Inaugurazione Cristina Castagna Center e trekking esplorativo nel cuore dell’Hindu Kush
A cura di Sara Storti e Giacomo Peloso
Quando inizia un viaggio? Quando è iniziato il nostro viaggio nell’Hindu kush?
Se cerco di rispondere a questa domanda penso subito all’accoglienza della gente di Gotolti che ci saluta all’entrata del villaggio con canzoni, applausi e il calore dei loro sorrisi. I bambini cantano “Welcome Welcome” e tutti, donne, uomini, giovani e vecchi, ci salutano appena scendiamo dalle jeep. È lì forse che inizia davvero la nostra avventura, tra la gentilezza e la gratitudine di quella gente di montagna.

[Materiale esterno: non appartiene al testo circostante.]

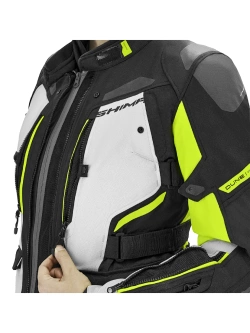 Kurtka motocyklowa damska tekstylna Shima Dune fluo-czarna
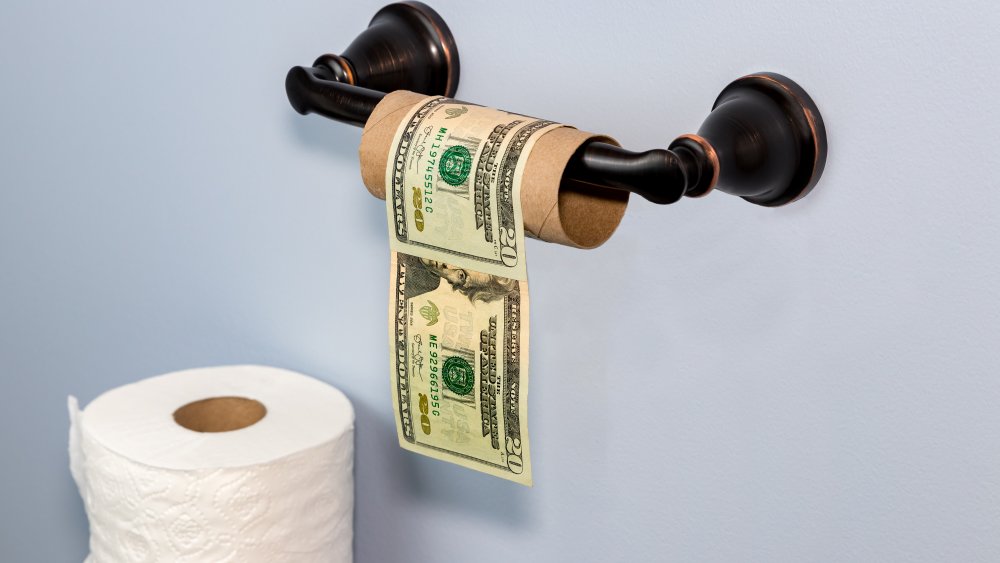 Toilet paper money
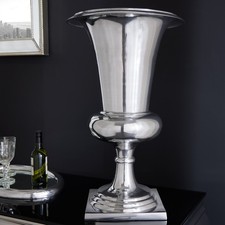 Design Vase GOAL 75cm silber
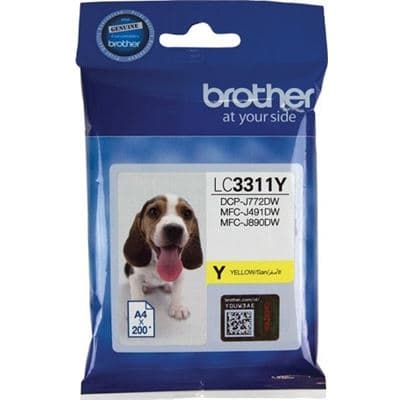 BROTHER BROTHER LC3311Y INK CARTRIDGE YELLOW 4306312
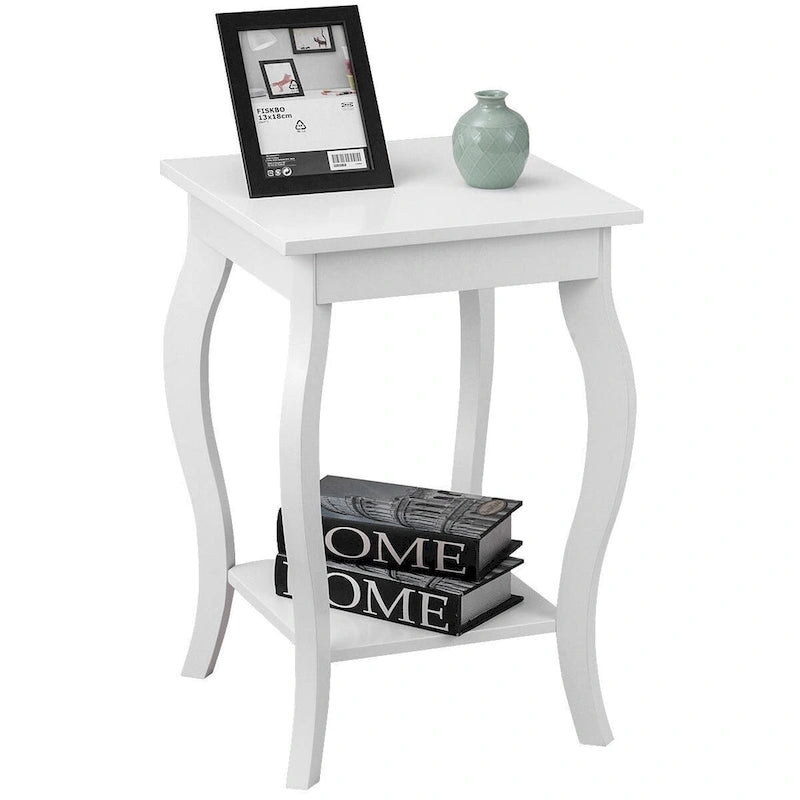End Table with Storage Shelf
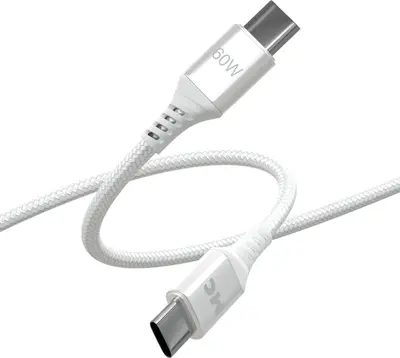 Кабель MORE CHOICE (4620202554079) K69aa USB 3.0A PD 60W для Type-C - 1 м , белый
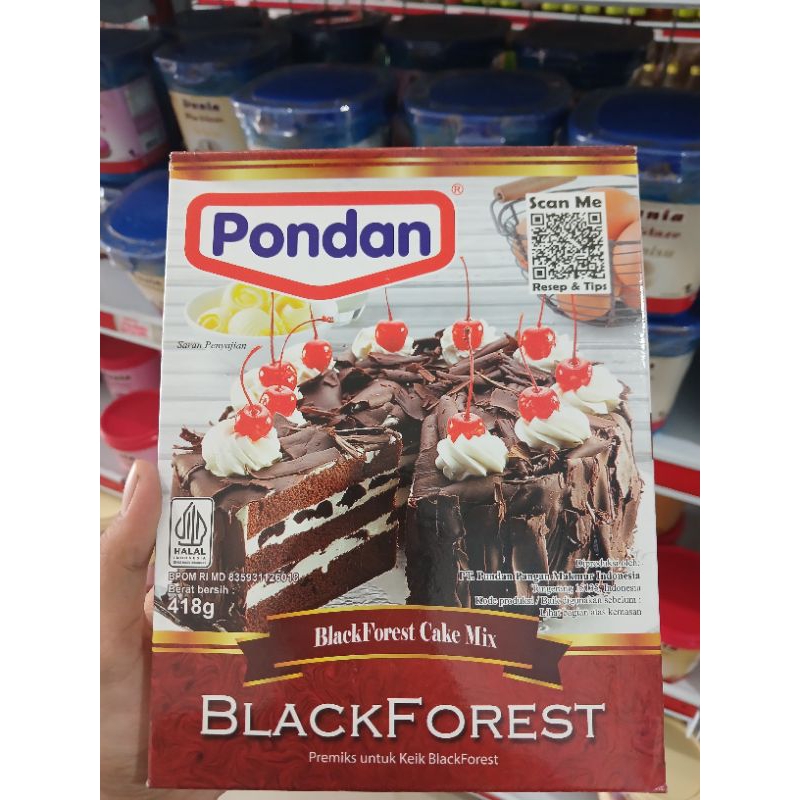 

PONDAN BLACKFOREST 418 GR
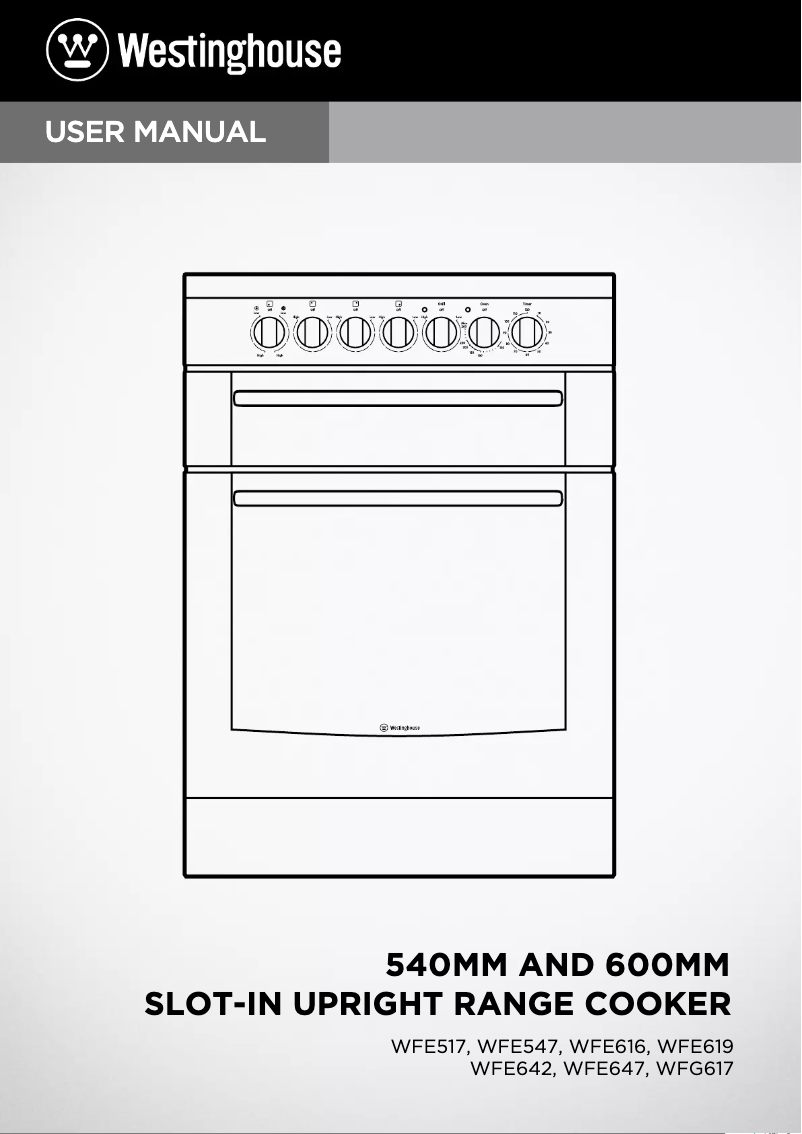 Page 1 de la notice Manuel utilisateur Westinghouse WFE647SA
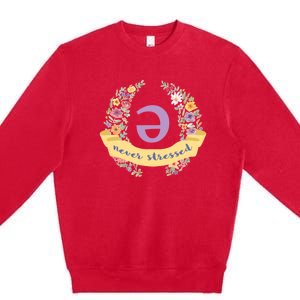 Schwa (Never Stressed) Floral Premium Crewneck Sweatshirt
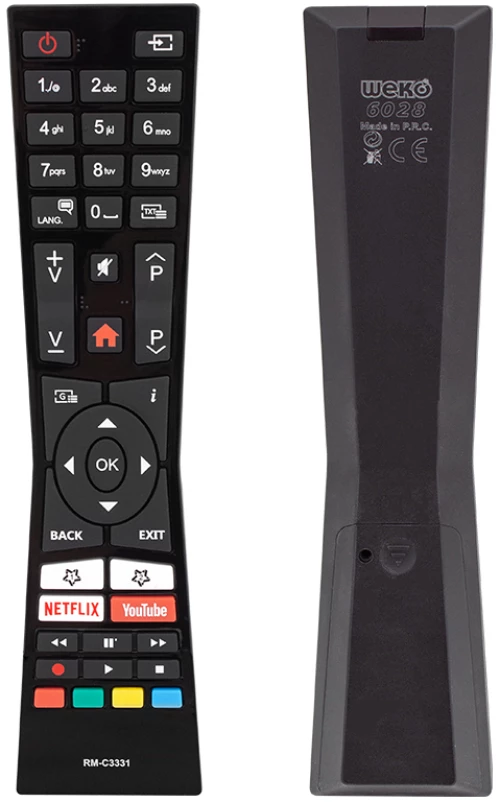 JVC RM-C3331 Netflix Youtube Remote Control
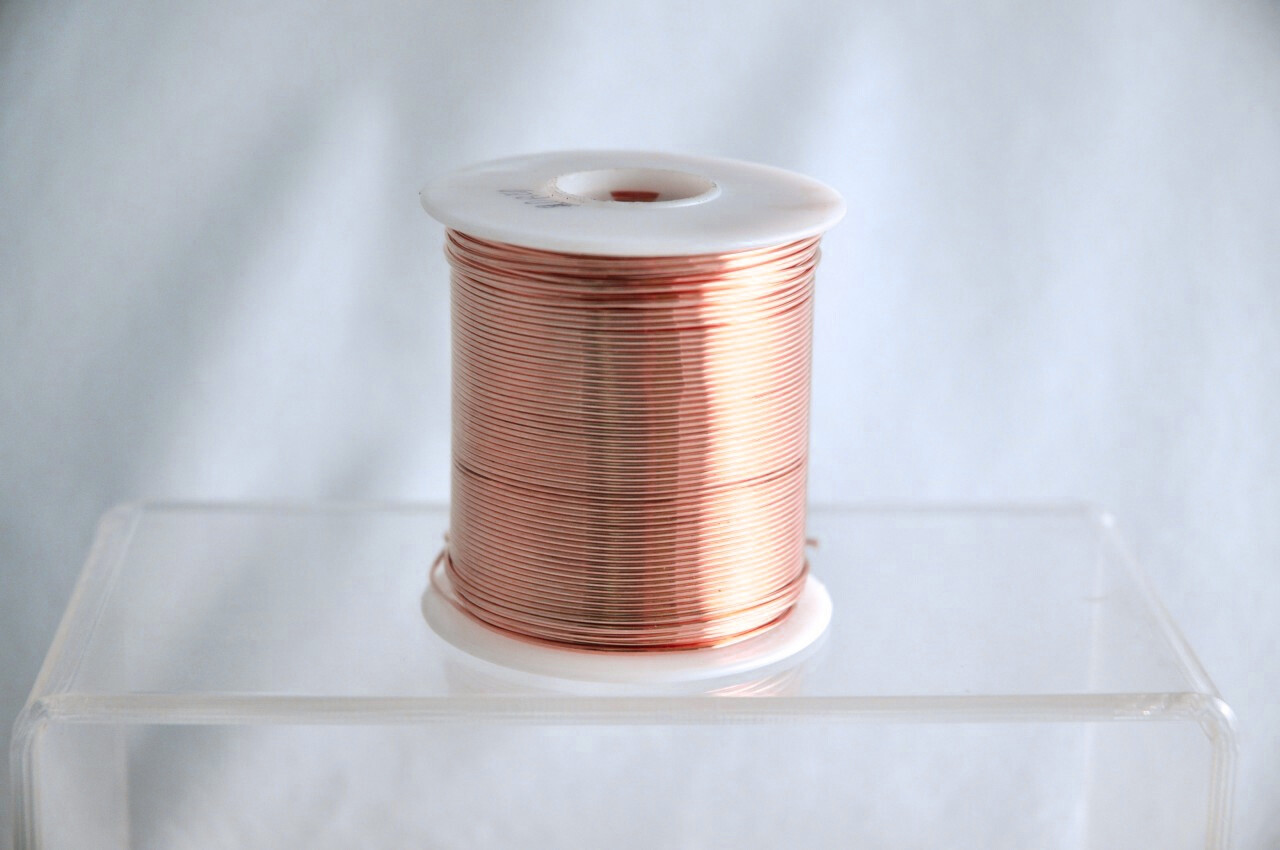 Bare Copper Wire 14 Gauge 5 lb Spool (400 Feet) Diameter 0.064
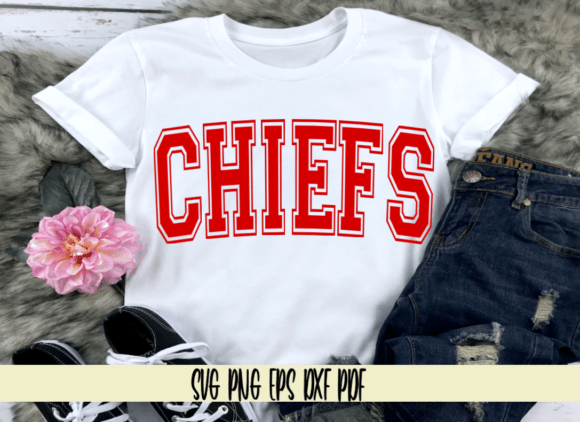 Chiefs Football Varsity Curved in Red: A Designer's Review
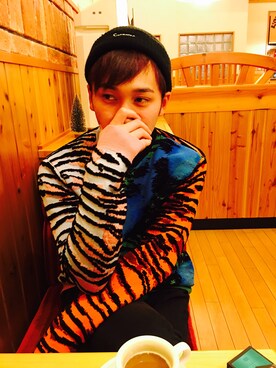 「KENZO」｜「アイテム（ニットキャップ/ビーニー）」を使った、Nishio さん（メンズ・179cm）の秋コーディネート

L’inaugurazione del rifugio, intitolato a Cristina Castagna e costruito grazie ai fondi raccolti da Tarcisio Bellò e l’associazione “Montagne e solidarietà”, è un momento davvero emozionante. Sono presenti diverse autorità e il presidente nazionale del CAI Antonio Montani, ma più di tutto è la presenza di tutta la comunità locale a colpirmi.
Finita la festa viene il momento di iniziare a camminare e ad entrare nel vivo del nostro trekking. Obbiettivo del primo giorno: raggiungere il campo base dell’Haiz Peak a quota 3700 m.
Con noi, oltre a Tarcisio, i portatori, i quali sarebbero dovuti partire qualche ora dopo di noi, la guida pachistana Amin, e il gruppo degli “alpinisti”, che avrebbe affrontato la vetta dell’Haiz Peak.
Prima notte: primo imprevisto. I portatori, per un malinteso, si sono fermati ad una quota inferiore e ci ritroviamo senza né sacchi a pelo né tende. Siamo un po’ in crisi sul da farsi, ma ben presto troviamo una soluzione e un piccolo gruppetto scende a prendere almeno qualche tenda e a convincere alcuni portatori a raggiungerci con una piccola parte del materiale.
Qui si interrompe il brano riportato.